Daniel Leupi
Der ehemalige Bundeskanzler Walter Thurnherr hat in einem jüngst erschienenen Buch Einblick in die Arbeit des Bundesrates gewährt. Ein Zeitungsinterview dazu war – wie stets bei Thurnherr – prägnant und lesenswert.
«Der Bundesrat wäre nicht besser, wenn er aus sieben Nobelpreisträgern bestünde», stellt er fest (und hat wohl Frauen mitgemeint) und glaubt, dass er selber kein guter Bundesrat geworden wäre: «Zu oft hätte ich an meinen eigenen Überzeugungen gezweifelt. Starke Bundesräte geben früh und klar die Richtung vor.» Im Interview zählt er viele weitere Anforderungen auf. Zum Beispiel, dass Bundesratsmitglieder viele Hände schütteln müssen: «Wenn jemand nicht über ein Immunsystem verfügt wie ein Pferd, dann hat er es nicht leicht im Bundesrat.» Sprich: man wäre häufig erkältet oder krank. Je weiter ich las, desto mehr dachte ich, dass das für alle Exekutivämter gilt, auch für den Stadtrat: «Man muss auch schnell entscheiden und eine Verwaltung führen können – was sich alle zutrauen, aber nicht alle meistern.» oder «Man muss gerne, gut und mit allen kommunizieren.» oder «Man muss unheimlich viel lesen können.» Walter Thurnherr betonte auch: «Man muss kollegial sein, das heisst insbesondere politisch verlieren können.» oder «… ein Gespür für die breite Akzeptanz von Massnahmen und deshalb eine Verbindung zum Durchschnittsbürger haben.»

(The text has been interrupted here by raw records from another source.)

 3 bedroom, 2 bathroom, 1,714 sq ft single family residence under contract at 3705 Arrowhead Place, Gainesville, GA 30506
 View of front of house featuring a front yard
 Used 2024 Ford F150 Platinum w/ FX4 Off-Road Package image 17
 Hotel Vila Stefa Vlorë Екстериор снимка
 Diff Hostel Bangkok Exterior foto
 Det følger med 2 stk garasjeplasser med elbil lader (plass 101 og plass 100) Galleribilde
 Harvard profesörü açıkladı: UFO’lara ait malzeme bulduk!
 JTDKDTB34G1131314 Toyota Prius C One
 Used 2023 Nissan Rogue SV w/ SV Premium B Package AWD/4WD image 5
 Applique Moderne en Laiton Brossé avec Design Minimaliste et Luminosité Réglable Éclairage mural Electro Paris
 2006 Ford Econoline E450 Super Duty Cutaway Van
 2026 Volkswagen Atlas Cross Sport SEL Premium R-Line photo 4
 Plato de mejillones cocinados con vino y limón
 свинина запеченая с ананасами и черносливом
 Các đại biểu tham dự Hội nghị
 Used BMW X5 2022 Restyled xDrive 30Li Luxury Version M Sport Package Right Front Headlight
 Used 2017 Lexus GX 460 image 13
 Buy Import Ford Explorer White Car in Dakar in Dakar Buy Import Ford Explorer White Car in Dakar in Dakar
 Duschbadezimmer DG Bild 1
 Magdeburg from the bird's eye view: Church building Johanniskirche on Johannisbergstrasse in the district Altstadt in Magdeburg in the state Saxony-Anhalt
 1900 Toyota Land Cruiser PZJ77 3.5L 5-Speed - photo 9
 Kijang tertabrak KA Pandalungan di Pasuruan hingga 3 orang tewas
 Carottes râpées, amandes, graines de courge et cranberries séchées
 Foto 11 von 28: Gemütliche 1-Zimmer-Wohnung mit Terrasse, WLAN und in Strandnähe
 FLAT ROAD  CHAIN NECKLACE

Für mich war die Lektüre Anstoss für eine kritische Selbstbeurteilung. Für Sie liefert sie vielleicht Hinweise, wenn Sie im März über die neue Zusammensetzung der Stadtregierung befinden.
PS.: Im Übrigen bin ich der Meinung, dass Regierungsrat und Bundesrat Sans-Papiers regularisieren sollten.